Nestas ocasiões o pretendente comprava quase tudo que eu queria, pipoca, sorvete e gibi. Era minha vingança por desviar de mim a atenção de minha querida irmã. Sabotei o namoro usando toda minha criatividade, mas não consegui. Aconteceu o noivado. Daí aconteceu o melhor: o noivo foi visitar os pais que moravam em Arapongas e para agradar minha irmã me levou junto.

Claro que fiquei animado pois iriamos viajar de avião, fiquei sem dormir esperando a hora de embarcar.
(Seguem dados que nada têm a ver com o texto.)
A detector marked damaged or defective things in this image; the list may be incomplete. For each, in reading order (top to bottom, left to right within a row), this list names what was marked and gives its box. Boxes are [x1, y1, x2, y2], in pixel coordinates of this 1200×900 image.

Minha primeira viagem aérea e na companhia do noivo de minha irmã. Saímos do aeroporto Afonso Pena num voo da Cruzeiro do Sul e mal sentei na poltrona da aeronave uma aeromoça veio com um cesto de guloseimas oferecendo aos passageiros : Sonho de Valsa, balas, bolachas, Mentex, maçã, dropes e eu fui me servindo a vontade; em outro cesto, um pouco menor, ela oferecia aos adultos carteiras com meia dúzia de cigarros de todas as marcas e pacotes  de lenço refrescante e perfumado. 
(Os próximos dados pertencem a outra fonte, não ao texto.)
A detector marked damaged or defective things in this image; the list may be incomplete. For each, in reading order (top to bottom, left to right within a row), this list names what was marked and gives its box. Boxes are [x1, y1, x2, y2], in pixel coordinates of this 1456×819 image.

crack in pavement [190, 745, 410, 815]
E uma outra ofertava edições dos jornais do dia. Fiquei estupefato com tudo que estava acontecendo com o avião ainda no solo. Mas eu queria mesmo era sentir a sensação de estar “voando” e enxergar pela janela as nuvens e a “terra”. Enquanto eu estava aproveitando todos os momentos o DC-3, começou a se mover e minutos depois levantou voo. A aventura estava começando. Saímos de Curitiba e a primeira escala foi em Ponta Grossa, a outra foi em Apucarana e daí o avião chegou em Arapongas onde aterrissou em um aeroporto cuja pista era de terra batida. 

Quando a aeromoça abriu a porta uma nuvem de pó de cor vermelha invadiu o interior da aeronave acompanhada do bafo de ar quente. Foi o cartão de visitas da cidade. Daquele momento em diante tudo era novidade e eu queria aproveitar o máximo para poder contar na escola. O pai de meu futuro cunhado, italiano genuíno, era proprietário de uma Máquina de Arroz, local onde o cereal era beneficiado através de um processo que descascava classificava e ensacava o produto para venda ao atacado. 

O arroz era transportado por centenas de pequenas carroças que percorriam toda a cidade até os locais similares, inclusive levando café que era a principal riqueza do Paraná. No pátio da empresa sempre estacionavam dez a vinte carroças, cujos proprietários esperavam até “aparecer” pedidos para novos carretos. Tanto os pais, meu futuro cunhado e seu irmão também adulto faziam de tudo para me agradar a fim de conquistarem minha família.

Na frente da moradia da casa em que estava hospedado tinha o bar do “seo” Paulo onde eu estava autorizado a me servir do que quisesse, foi meu ponto preferido para tomar “Grapette” e comer deliciosas fatias de bolo feitos com esmero pela esposa do proprietário. Eu me sentia o rei da paróquia.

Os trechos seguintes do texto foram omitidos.